■ Problem details
Pictures stay out of the copy. Transcribe exactly the lines from the line with "Napa File/File Pedestal - White" through the final line of the records.

■ Data for processing

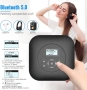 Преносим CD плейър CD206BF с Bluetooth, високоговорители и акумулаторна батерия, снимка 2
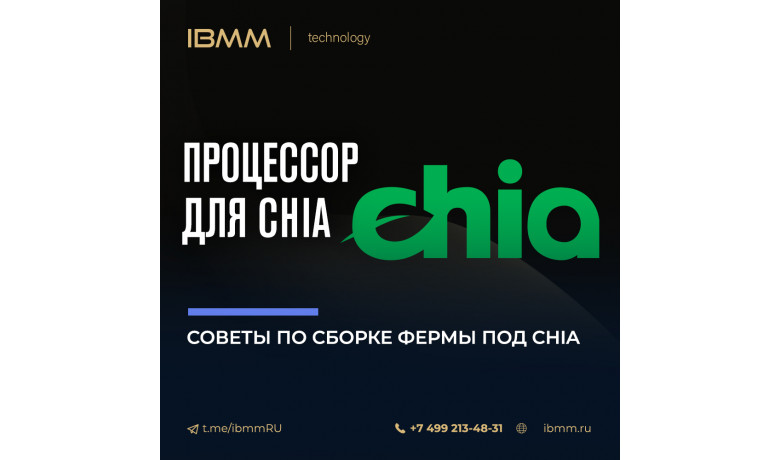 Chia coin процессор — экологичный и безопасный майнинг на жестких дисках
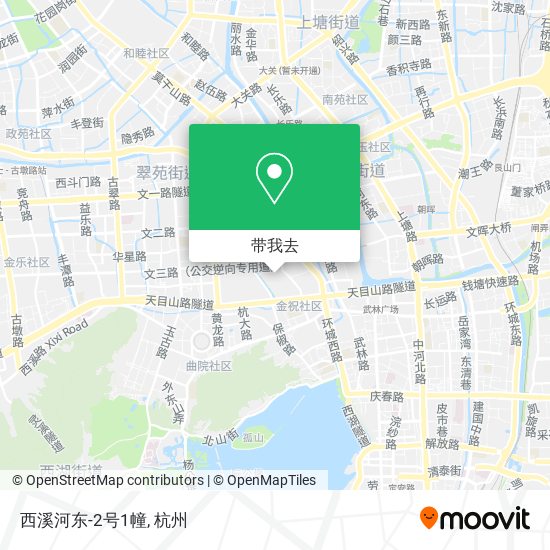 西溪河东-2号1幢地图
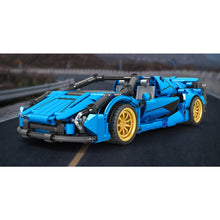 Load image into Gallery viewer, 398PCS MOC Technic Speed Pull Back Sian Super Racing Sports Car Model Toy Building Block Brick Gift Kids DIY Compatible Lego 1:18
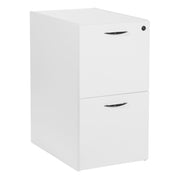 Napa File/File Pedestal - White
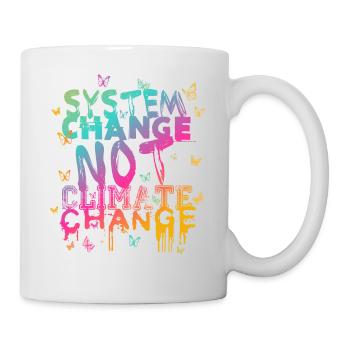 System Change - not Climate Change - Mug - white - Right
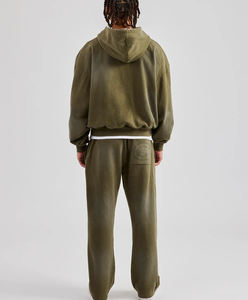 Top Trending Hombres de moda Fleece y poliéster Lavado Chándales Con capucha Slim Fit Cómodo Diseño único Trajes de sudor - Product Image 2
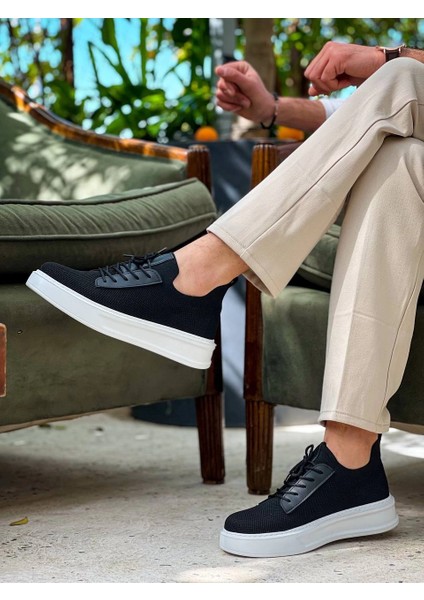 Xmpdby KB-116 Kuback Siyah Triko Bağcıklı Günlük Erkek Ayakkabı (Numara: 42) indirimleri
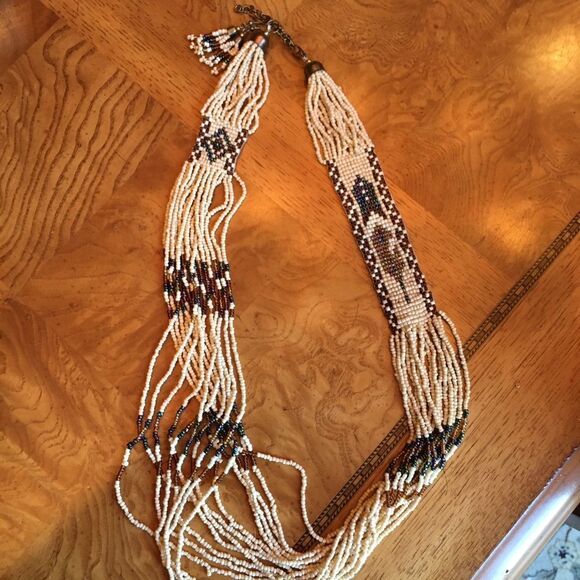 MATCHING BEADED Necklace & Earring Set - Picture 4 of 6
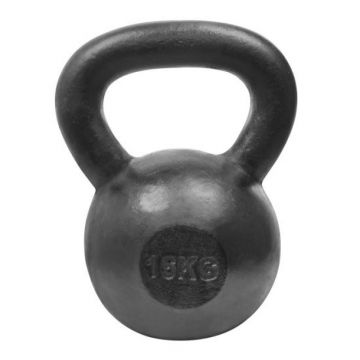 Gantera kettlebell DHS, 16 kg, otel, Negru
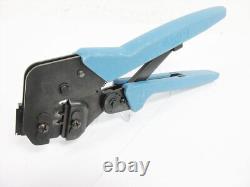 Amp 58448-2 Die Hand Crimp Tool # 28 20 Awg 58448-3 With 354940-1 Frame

■ Solution for this task
 Napa File/File Pedestal - White
 System Change - not Climate Change - Mug - white - Right
 Top Trending Hombres de moda Fleece y poliéster Lavado Chándales Con capucha Slim Fit Cómodo Diseño único Trajes de sudor - Product Image 2
 Xmpdby KB-116 Kuback Siyah Triko Bağcıklı Günlük Erkek Ayakkabı (Numara: 42) indirimleri
 MATCHING BEADED Necklace & Earring Set - Picture 4 of 6
 Gantera kettlebell DHS, 16 kg, otel, Negru
 Amp 58448-2 Die Hand Crimp Tool # 28 20 Awg 58448-3 With 354940-1 Frame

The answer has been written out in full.